An LLC is a much newer business entity than the corporation. The first LLC was formed in Wyoming in 1977 and they weren’t commonplace until the 1990s. However, LLCs now outpace the corporation as the most popular type of business entity. By default an LLC has three distinct features:
- Limited Liability: Once formed, the LLC can do business in its own name, own property and be taxed. The LLC is given all the rights a person has and with the primary purpose of doing business. The LLC provides a unique legal distinction between the owners (members) and the LLC itself. This separation grants limited liability, which means the LLC’s assets are separate from the owners’ assets. For example, should the LLC be sued, only the LLC’s assets are at stake, not the owners’ assets. This is known as asset protection.
- Flexible Tax Structure: The LLC was designed as a hybrid between corporations and partnerships. It utilizes the asset protection of a corporation, but it is taxed similar to a partnership, which is to say not taxed at all. By default, the IRS sees LLCs as pass-through entities. Profits pass through the LLC to its members and the members pay personal income tax on their share of the LLC profits. However, LLCs can elect to be taxed as either S-corps or C-corps by filing a form with the IRS.
- Ownership Structure: LLCs are owned by members. Members are essentially partners. Each member owns a percentage of the company and splits profits based on that percentage of ownership.

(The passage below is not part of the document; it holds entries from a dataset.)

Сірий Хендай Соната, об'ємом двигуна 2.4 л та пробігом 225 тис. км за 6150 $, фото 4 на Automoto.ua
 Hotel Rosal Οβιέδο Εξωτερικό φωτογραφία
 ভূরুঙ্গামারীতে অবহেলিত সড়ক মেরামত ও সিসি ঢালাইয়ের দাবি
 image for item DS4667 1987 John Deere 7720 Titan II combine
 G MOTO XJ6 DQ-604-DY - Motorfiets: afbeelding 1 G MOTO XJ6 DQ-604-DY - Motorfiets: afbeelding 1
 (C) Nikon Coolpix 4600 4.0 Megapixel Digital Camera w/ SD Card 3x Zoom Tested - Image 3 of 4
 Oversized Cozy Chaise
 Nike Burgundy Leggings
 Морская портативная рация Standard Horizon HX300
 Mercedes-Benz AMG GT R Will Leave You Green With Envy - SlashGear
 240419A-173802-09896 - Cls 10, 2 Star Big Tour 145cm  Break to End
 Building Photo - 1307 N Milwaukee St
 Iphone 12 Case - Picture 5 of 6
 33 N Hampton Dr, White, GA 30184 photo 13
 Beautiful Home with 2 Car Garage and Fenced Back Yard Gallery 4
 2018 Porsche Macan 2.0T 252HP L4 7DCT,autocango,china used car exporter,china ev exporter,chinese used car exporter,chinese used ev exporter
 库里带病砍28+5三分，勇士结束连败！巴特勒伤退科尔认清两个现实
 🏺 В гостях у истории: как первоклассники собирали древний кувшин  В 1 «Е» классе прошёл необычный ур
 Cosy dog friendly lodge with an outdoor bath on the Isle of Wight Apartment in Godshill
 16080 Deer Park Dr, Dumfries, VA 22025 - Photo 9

Should the managers not want to be in charge of daily operations, they can form a manager-managed LLC, and obtain a manager to run the business.
How To Form An LLC
LLCs are governed by the states and each state has its own statutes concerning LLCs. In general, the rules are congruent with each other and have similar requirements.
To form an LLC, you must file Articles of Organization (or similarly named formation documents) with the state’s Secretary of State or Corporations Division. Each state charges a filing fee averaging around $100. In many states, you can file Articles of Organization online.
While specific Articles of InLLC requirements vary by state, in general, you’ll need to include the following information:
- Business Name: Simply list the desired business name. Every state has an online name search database. If the name is not already in use, you can use it. You will also need to include a corporate name ending like “Inc.” : “Incorporated.” There is no need to reserve the LLC’s name, unless you will not be forming your LLC immediately and want to make sure the name is available at a future date.
- Business Address: List physical address and mailing address if separate.
- Registered Agent Name and Address: Your registered agent is the LLC’s official point of contact. Since the LLC has all the rights of an individual but is unable to communicate and receive communications, every state requires that you appoint a registered agent to do so on behalf of the LLC. If you hire Formed.com to form your LLC, we automatically provide a year of registered agent service for your LLC. We can also list our registered agent address for your business address for added personal security.
- Name and Addresses of Members: An LLC has a very simple ownership structure. The members of an LLC are the owners, and they are essentially partners. Each member owns a percentage of the company. List the names and addresses of the members as required.
- Member-Managed or Manager-Managed?: You can structure an LLC so that the daily operations are managed by the owners, or the owners procure the services of a manager who run the LLC on a day-to-day basis and the members make the big decisions about the company. A manager does not need to be a member of the LLC or have any ownership stakes.
- Name and Address of Organizer: The organizer is merely the person authorized to form your LLC. If you hire Formed to form your LLC, we would be listed as the organizer.
After completing the Articles of Organization, submit the filing to the state. Your state may have expedite fees if filing times are slow. Most states with online formation capabilities will file and activate your LLC immediately. Your LLC will be formed once the state has filed your Articles of Organization.
LLC Definitions and Terminology
While forming an LLC for the first time, you’ll likely encounter language you’ve never heard before. Don’t feel intimidated. Below, you’ll find in depth descriptions and definitions of legal jargon you may encounter along the way. Learn what this technical language is and how it applies to your LLC:
- Annual Report: To maintain your LLC and keep it in good standing, you will need to file an annual report or franchise tax with your state. Requirements vary by state, and some states have biennial reports or even decennial reports (Pennsylvania). In most states these reports are merely a verification of simple facts about the LLC and a filing fee, though, some states like Texas and Maryland require financial information and more intensive annual reports. In most states, you can file annual reports online. Due dates vary, however, most are based on the the LLC’s formation date.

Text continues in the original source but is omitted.